Let's consider corn as an example. In order for a corn seed to germinate, the soil temperature needs to be a minimum of 50oF. Corn seed typically will not germinate if the soil is colder than about 50oF. The minimum air temperature for vegetative growth (i.e., the growth of stem, leaves, and branches) is about 46oF, but the optimum range of temperatures for vegetative growth of corn is 77-90oF. At temperatures outside of the optimal range, growth tends to decline rapidly. Many plants can withstand short periods of temperatures outside of the optimal range, but extended periods of high temperatures above the optimal range can reduce the quality and yield of annual crops and tree fruits. Optimal reproduction of corn occurs between 64 and 72oF, and reproduction begins to fail at temperatures above 95oF. Reproductive failure for most crops begins around 95oF.
Water availability is a critical factor in agricultural production. We saw in Module 4 how increased temperature leads to increased transpiration rates. High rates of transpiration can also exhaust soil water supplies resulting in drought stress. Plants respond to drought stress through a variety of mechanisms, such as wilting their leaves, but the net result of prolonged drought stress is usually reduced productivity and yield. Water deficit during certain stages of a plant's growth can result in defects, such as tougher leaves in kales, chards, and mustards. Another example, blossom end rot in tomatoes and watermelon, is caused by water stress and results in fruit that is unmarketable (Figure 9.2.4 and for more photos of blossom end rot on different vegetables, visit Blossom end rot causes and cures in garden vegetables).
In addition to water stress and impacts on plant productivity and yield, increased temperatures can have other effects on crops. High temperatures and direct sunlight can sunburn developing fruits and vegetables. Intense heat can even scald or cook fruits and vegetables while still on the plant.
Figure 9.2.4.: Blossom-end-rot in a tomato. Credit: Scot Nelson, Creative Commons
A warming climate is expected to have negative impacts on crop yields. Negative impacts are already being seen in a few crops in different parts of the world. Figure 9.2.5 shows estimated impacts of climate trends on crop yields from 1980-2008, with declines exceeding 5% for corn, wheat, and soy in some parts of the world. Projections under different emissions scenarios for California's Central Valley show that wheat, cotton, and sunflower have the largest declines in yields, while rice and tomatoes are much less affected (Figure 9.2.6). Notice that there are two lines on the graphs in Figure 9.2.6 projecting crop yields into the future. The red line corresponds to temperature increases associated with a higher carbon dioxide emissions scenario.
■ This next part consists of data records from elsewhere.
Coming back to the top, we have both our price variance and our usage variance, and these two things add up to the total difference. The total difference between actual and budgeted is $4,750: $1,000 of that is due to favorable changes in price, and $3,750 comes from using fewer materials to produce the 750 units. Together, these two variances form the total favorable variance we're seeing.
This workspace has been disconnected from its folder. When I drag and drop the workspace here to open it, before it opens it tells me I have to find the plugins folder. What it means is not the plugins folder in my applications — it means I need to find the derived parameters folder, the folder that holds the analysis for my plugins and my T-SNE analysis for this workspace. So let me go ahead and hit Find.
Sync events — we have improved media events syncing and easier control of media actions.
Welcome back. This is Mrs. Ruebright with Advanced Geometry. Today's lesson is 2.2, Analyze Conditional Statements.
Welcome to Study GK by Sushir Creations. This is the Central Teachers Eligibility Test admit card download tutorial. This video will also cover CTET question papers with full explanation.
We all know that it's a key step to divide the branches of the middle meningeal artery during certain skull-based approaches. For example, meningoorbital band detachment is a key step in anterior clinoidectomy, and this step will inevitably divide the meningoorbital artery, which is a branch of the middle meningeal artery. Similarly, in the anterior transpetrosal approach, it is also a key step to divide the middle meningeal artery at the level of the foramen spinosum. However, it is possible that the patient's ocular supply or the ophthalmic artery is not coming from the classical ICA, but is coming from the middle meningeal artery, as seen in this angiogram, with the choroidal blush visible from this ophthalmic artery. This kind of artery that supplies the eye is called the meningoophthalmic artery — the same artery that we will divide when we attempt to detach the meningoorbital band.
We saw in Module 9.1 that the more CO2 we emit, the more heat energy is trapped in the lower atmosphere, and therefore the warmer the temperatures. For some crops, those higher temperatures are associated with great impacts on the crop's yield.
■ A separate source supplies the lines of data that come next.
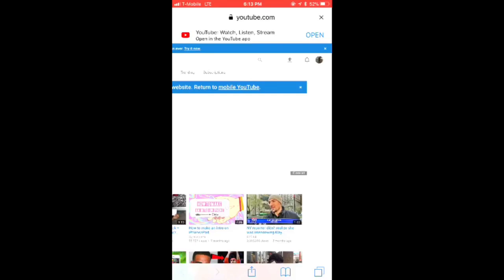If you don't have custom thumbnails enabled or it's not showing up, you have to verify your YouTube account. You go to your channel and you'll see it says 'verified' underneath your name. They'll send you a confirmation and you just have to confirm it's you, and then custom thumbnails will be enabled.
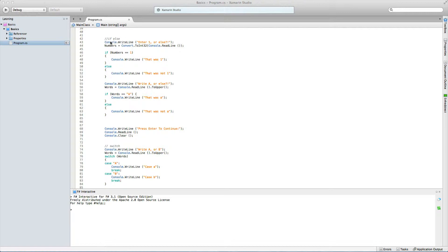The first thing I want to do here is write out a console.WriteLine as we discussed last time. It will say 'enter 1 or anything else', and it will put that into our int called numbers. As we discussed last time, we convert it into int format and then put the number straight into the int called numbers.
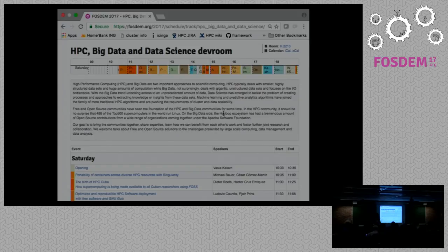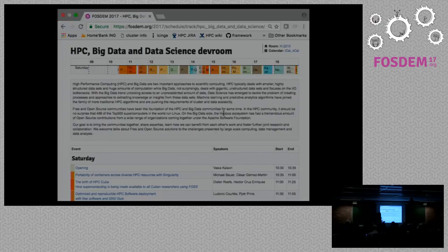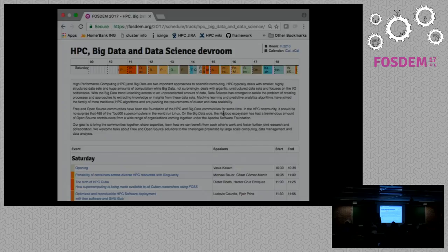I only have two requests for you. One is if there is an empty seat next to you and you can squeeze so that more people can sit, please do. The second is please use the feedback forms on the website. If you go to the schedule and click on a talk, underneath you will find a link where you can give feedback — whether you liked the talk or not, or any comment you want to leave for next year.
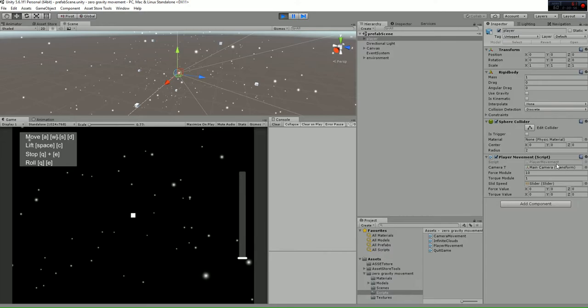As you can see here, the camera transform is just the main camera reference that we are using in the script, and then we have a slider.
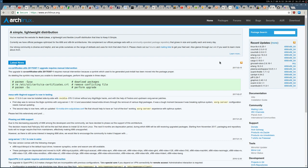Hi everyone, today I'd like to show you how to install MesaGit on Arch Linux. This is in my opinion the easiest and fastest way to have MesaGit and all its dependencies installed on your system.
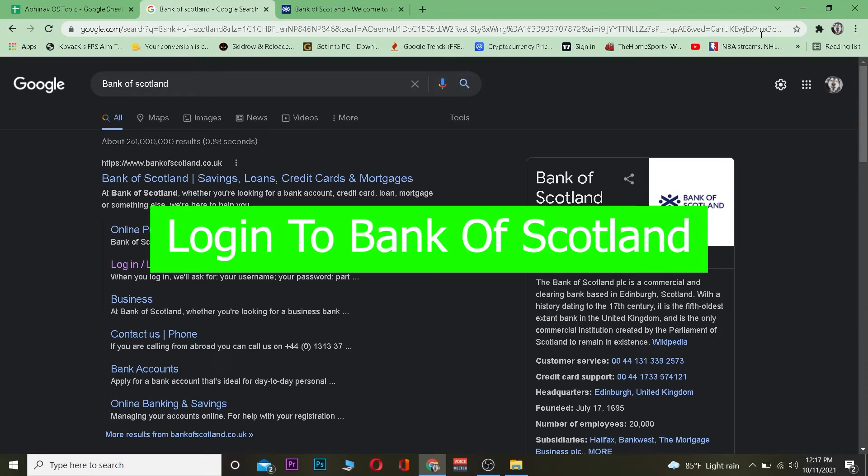All right, welcome back boys and girls. In this video I'm going to be teaching you guys how we can log in to Bank of Scotland. For those people who do not know what Bank of Scotland is, basically it's a commercial bank which is located in Scotland.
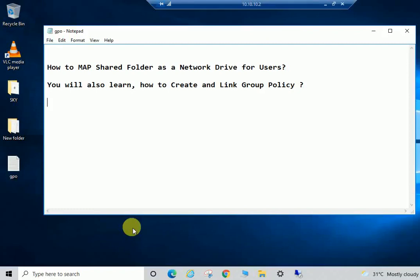Hello guys, welcome back to my channel. Today we will learn how to map a shared folder as a network drive for users. Suppose you have multiple users in your environment or company, and there is a shared folder that is required for all users to access data or files.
Why are some crops affected more by observed and projected temperature increases than others? It depends on the crop, the climate in the region where the crop is being grown, and the amount of temperature increase. Consider the Activate your learning questions below to explore this more deeply.
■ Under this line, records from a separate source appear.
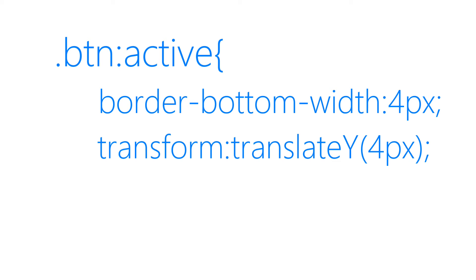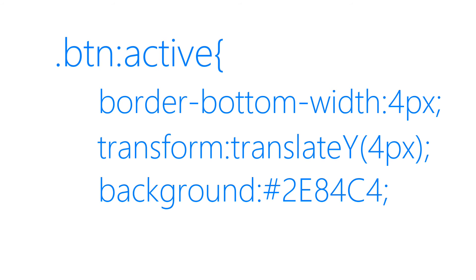Transform translateY to 4 pixels so that it will look like the button is shifting up. And finally, background to something darker as it will give that effect of being pressed. As you can see right here, it's looking pretty strong and nice.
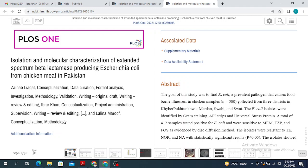In most cases, when you search for a paper in Google Scholar and you do not have a subscription, they are only going to give you the abstract of that particular paper. But sometimes you need the full-length paper.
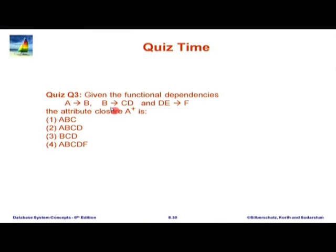Let us get back to the slides. Here is a quiz for attribute closure — a very simple quiz. Attribute closure starting with A: A+ starts with A. Because B is there, we get AB. Because now B is part of AB, we can also add CD. The only other dependency is B goes to F; E is not in the closure. So the attribute closure is ABCD.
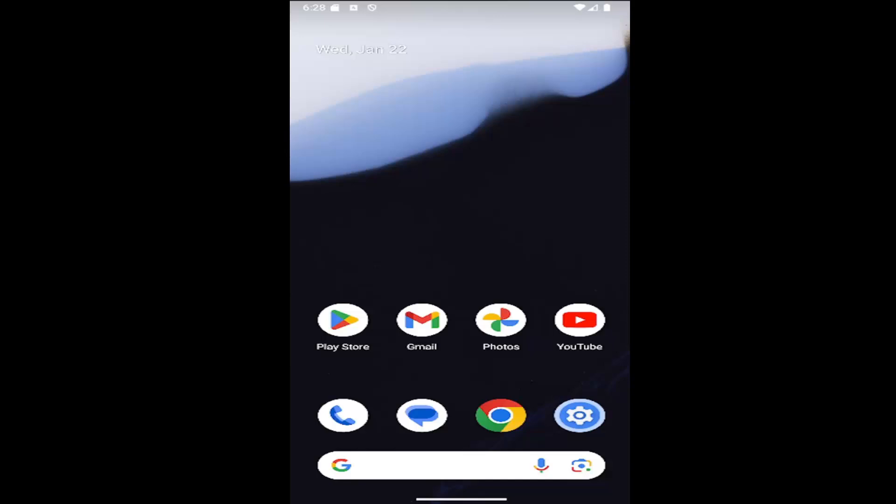So whether it's a Samsung Galaxy, a Google Pixel, or a different Android phone, in today's tutorial I have you covered and without further ado let's go ahead and jump right into it.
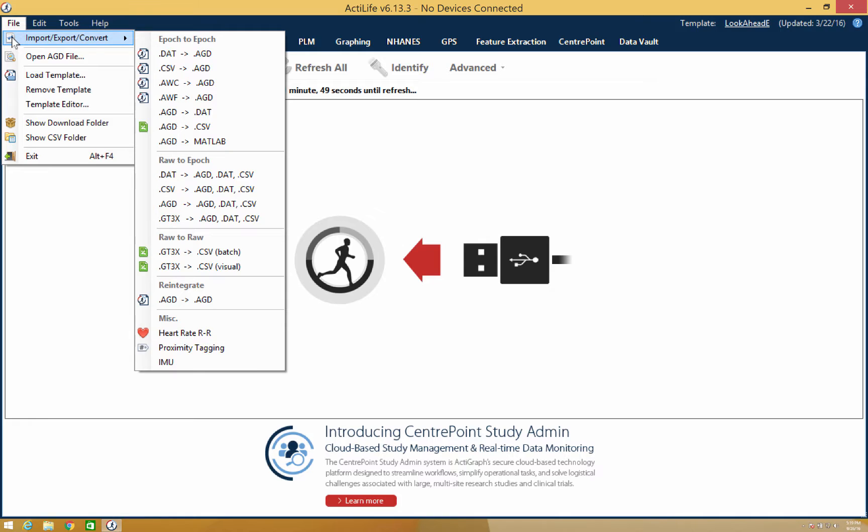As you can see, we offer multiple types of files including .dat, .csv, .gt3x, etc. that can be converted from Epic to Epic, Epic to Raw, and Raw to Raw.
Why do some crops see a positive yield change with increasing temperatures, such as alfalfa in Figure 9.2.6? Generally, warmer temperatures mean increased crop productivity, as long as those temperatures remain within the optimal range for that crop. If a crop is being grown in a climate that has typical temperatures at the cooler end of the plant's optimal range, than a bit of warming could increase the crop's productivity. If the temperatures increase above the optimal range or exceed the temperature that leads to reproductive failure, then crop yields will decline.
Figure 9.2.5.: Climate change effects on crop yields. Credit: Nelson, 2014
Figure 9.2.6.: Crop Yield Response to Warming in California’s Central Valley. Changes in climate through this century will affect crops differently because individual species respond differently to warming. This figure is an example of the potential impacts on different crops within the same geographic region. Crop yield responses for eight crops in the Central Valley of California are projected under two emissions scenarios, one in which heat-trapping gas emissions are substantially reduced (B1) and another in which these emissions continue to grow (A2). This analysis assumes adequate water supplies (soil moisture) and nutrients are maintained while temperatures increase. The lines show five-year moving averages for the period from 2010 to 2094, with the yield changes shown as differences from the year 2009. Yield response varies among crops, with cotton, maize, wheat, and sunflower showing yield declines early in the period. Alfalfa and safflower showed no yield declines during the period. Rice and tomato do not show a yield response until the latter half of the period, with the higher emissions scenario resulting in a larger yield response. Credit: National Climate Assessment, 2014.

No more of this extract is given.